"Sauveur, laissez nous mourir" ("Lieber Heiland, lass uns sterben"), voilà un titre prophétique et pour le moins dichotomique du onzième album du saxophoniste suédois Martin Küchen, qui se plait à souligner l'ironie de l'histoire entre une pochette de camp de concentration et le troisième titre de l'album ("Purcell in the Eternal Deir Yassin"), en référence au massacre perpétré en 1948 par le groupe sioniste Irgoun contre les Palestiniens.
On pourrait objecter que suédois + jazz avant garde + titre mystique = attention musique d'intello qui s'astique le cortex pour se donner une contenance dans les soirées mondaines.
Ce n'est pas tout à fait faux, car le saxophoniste prend un malin plaisir à prendre son instrument pour un didgeridoo. Evidemment, pas de rythme à la batterie, pas de refrain, pas de couplet qui encadreraient un improvisateur fou. Tout ici donne l'impression d'être improvisé, dans un seul but : trouver un son. Küchen a décidé d'enregistrer dans la crypte du monastère de Lund pour arriver à unir histoire et son, comme il le décrit lui-même.
Comme on le sait, la cuisine moléculaire n'est pas de la cuisine mais de la chimie gustative. Appliquons ce brillant aphorisme à Küchen qui ne fait pas de la musique mais de la recherche instrumentale.
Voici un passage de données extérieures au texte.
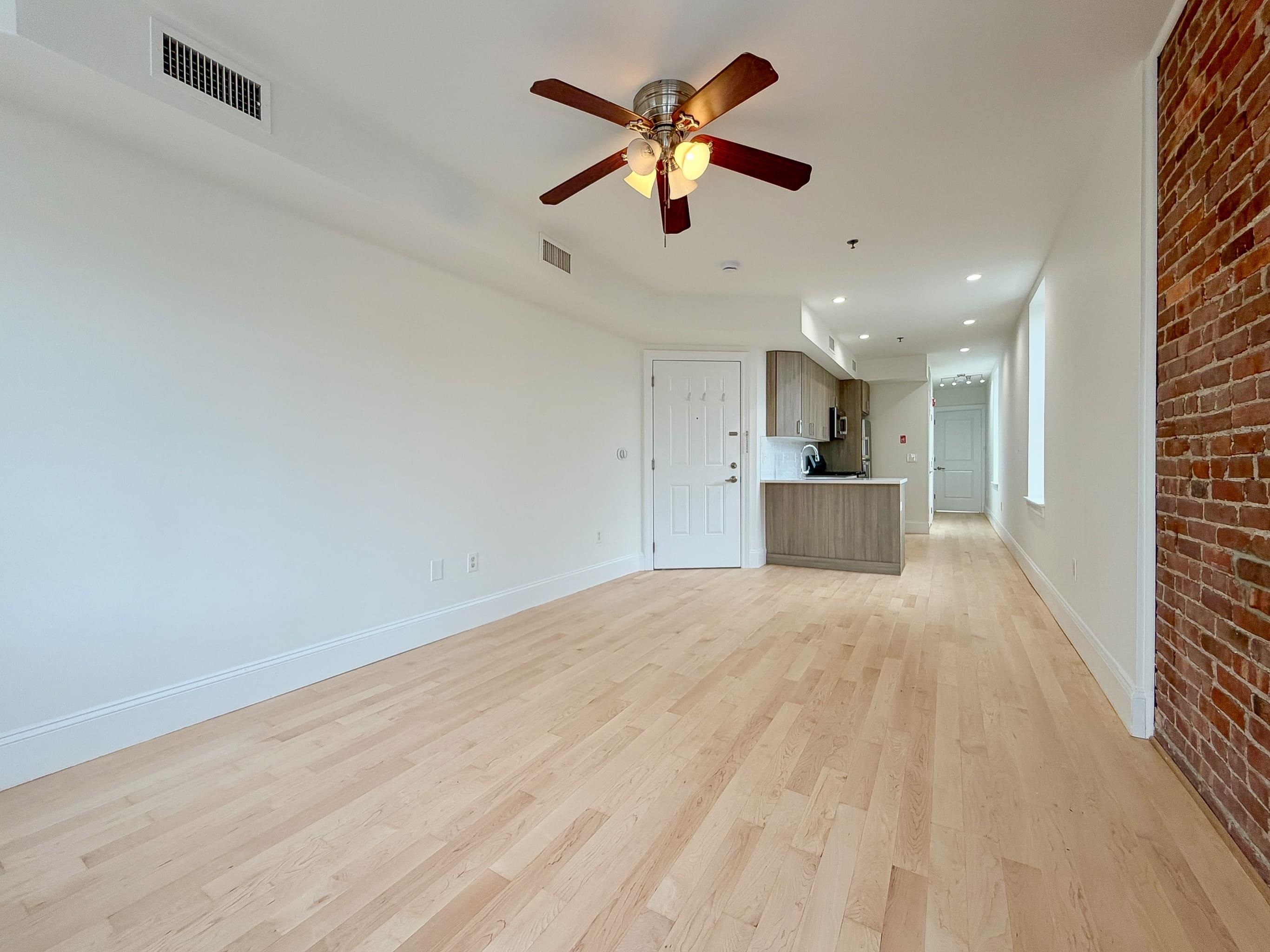 301 MADISON ST Unit: 3S
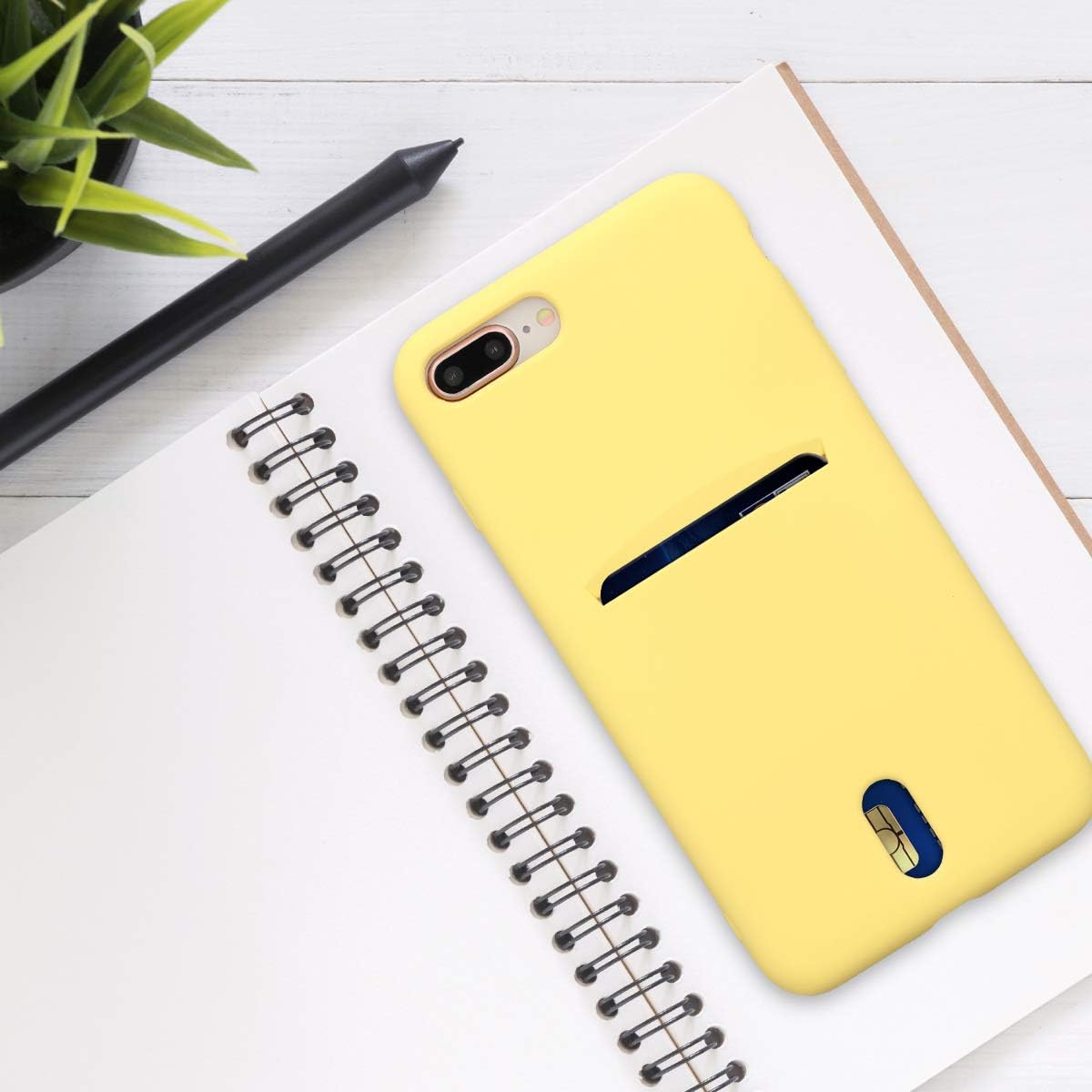 kwmobile Funda compatible con Apple iPhone 7 PlusiPhone 8 Plus – Funda de TPU suave con tarjetero y acabado de silicona – Amarillo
On écoutera pas "Lieber Heiland, lass uns sterben" en rentrant du boulot avec les enfants qui vous courent dans les pattes. Cet album est trop intimiste. Et pourtant il est incroyablement relaxant et dépaysant. Loin de ces artistes dits de musique moderne qui usent et abusent des dissonances et des harmoniques et vous font décrocher au bout de deux minutes, Küchen utilise son sax comme un souffle de vent.
On s'imagine volontiers dans les grandes forêts nordiques, la neige jusqu'au cou en écoutant le vent dans les arbres ("Lieber Heiland, lass uns sterben"). Une étrange atmosphère s'en dégage, vaguement inquiétante comme si on allait tomber nez à nez avec une meute de loups.
Mais le paroxysme est "Purcell in the Eternal Deir Yassin". Cette composition orientale entêtante sur fond de basse continue, nous happe et nous téléporte carrément sur les lieux du massacre, impression d'être au milieu des corps, dans le silence après la mort. Et pourtant malgré la gravité quelle sérénité !
Puis "Ruf zu mir" évoque une vieille baraque délabrée battue par les courant d'airs, où on ne sait quel fantôme jouerait des morceaux du bon vieux temps sur un piano désaccordé.
Un voyage expérimental captivant, où la volonté de Martin Küchen de donner à l'auditeur des sons sans épithètes et sans dénominations pour se les approprier est pleinement réussie.